Free agency begins on March 17 even though teams officially do not know how much money they can spend. The uncertainty also creates a challenge for the players because the market might preclude teams from handing out huge contracts.  

However, the situation did not preclude the Cowboys from reaching a four-year, $160 million contract with quarterback Dak Prescott — a deal that could impact the Ravens future negotiations with Lamar Jackson (more on that later).

Despite the uncertainty in the marketplace, DeCosta said the team has been able to formulate a plan based on the expectations of potential money to spend with the conservative ballpark being in the low $180 million range.

“We have a general idea of what the cap will probably be – at least some kind of parameters,” DeCosta said. “We know it’s not going to be any less than $180 million. So, using that number, we try to be conservative. We look at deals. We look at how this is going to affect things. We look at recent deals that have taken place [and] players that have recently signed to try to get a sense of what the market is going to be. 

“The hardest thing is to assess veteran players that are being terminated now versus the clump of free agents that will be available next week.”

The Ravens are not traditionally big players in free agency, so they are not as impacted as the current situation as other teams. Baltimore ranked 27th in the NFL with free-agency spending ($69.97 million) over the past four years, according to the OvertheCap.com. However, the Ravens made the playoffs three times over that stretch. 

So from a competitive standpoint, the Ravens have an advantage with the lower salary cap. They’ve done an effective job over their history finding ways to win without breaking the bank.

However, that does not mean the team will not be willing to spend this offseason. The Ravens could use a play-making wide receiver, depth on the offensive line, and an outside linebacker to balance the roster.  

DeCosta added: “What [effect is] this reduced cap number going to have on contracts in general? Is there a percent decrease that we expect across the board? How is this going to affect guys that get cut later in March, early April? How is that going to affect their value? Are the top guys going to get paid equivalent to what they normally would be paid in any other given year? Is that going to change? There are a lot of different factors.” 

That’s a scenario that is subject to change with the potential contract extension of  Jackson, who will likely command a deal north of $40 million per year. DeCosta has already spoken with Jackson this offseason, but they have not formally engaged in discussions for a new deal. 

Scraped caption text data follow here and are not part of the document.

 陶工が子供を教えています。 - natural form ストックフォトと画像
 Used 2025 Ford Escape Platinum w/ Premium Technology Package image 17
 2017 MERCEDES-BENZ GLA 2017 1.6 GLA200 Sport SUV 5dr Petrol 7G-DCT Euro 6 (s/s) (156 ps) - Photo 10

“We’re confident and committed to trying to get a long-term deal done,” DeCosta said. 

The Ravens also want to reach a new deal with Mark Andrews, who will likely garner a contract that will make him one of the highest-paid tight ends in the league at around $15 million annually. 

Baltimore is also dealing with a fluid situation with offensive lineman Orlando Brown Jr., who wants to move from right to left tackle full-time. That’s not going to happen in Baltimore because Ronnie Stanley just signed a long-term deal.

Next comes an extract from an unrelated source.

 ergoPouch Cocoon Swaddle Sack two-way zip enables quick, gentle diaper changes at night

“We’re blessed to have [Brown] on the team,” DeCosta said. “He’s under contract and he understands that. We’ll do what’s best for Orlando and we’ll do what’s best for the Ravens.”

The 2021 season will be another critical year for the direction of the Ravens. Even though the NFL is stalling some progress, DeCosta is enjoying the challenge.

“It’s kind of fun. It’s kind of fun with some changes and some new nuances involved,” he said. “So, we’ll pivot as we have to pivot. We’ll be aggressive when we can, but we’ll also be conservative in some ways, too.”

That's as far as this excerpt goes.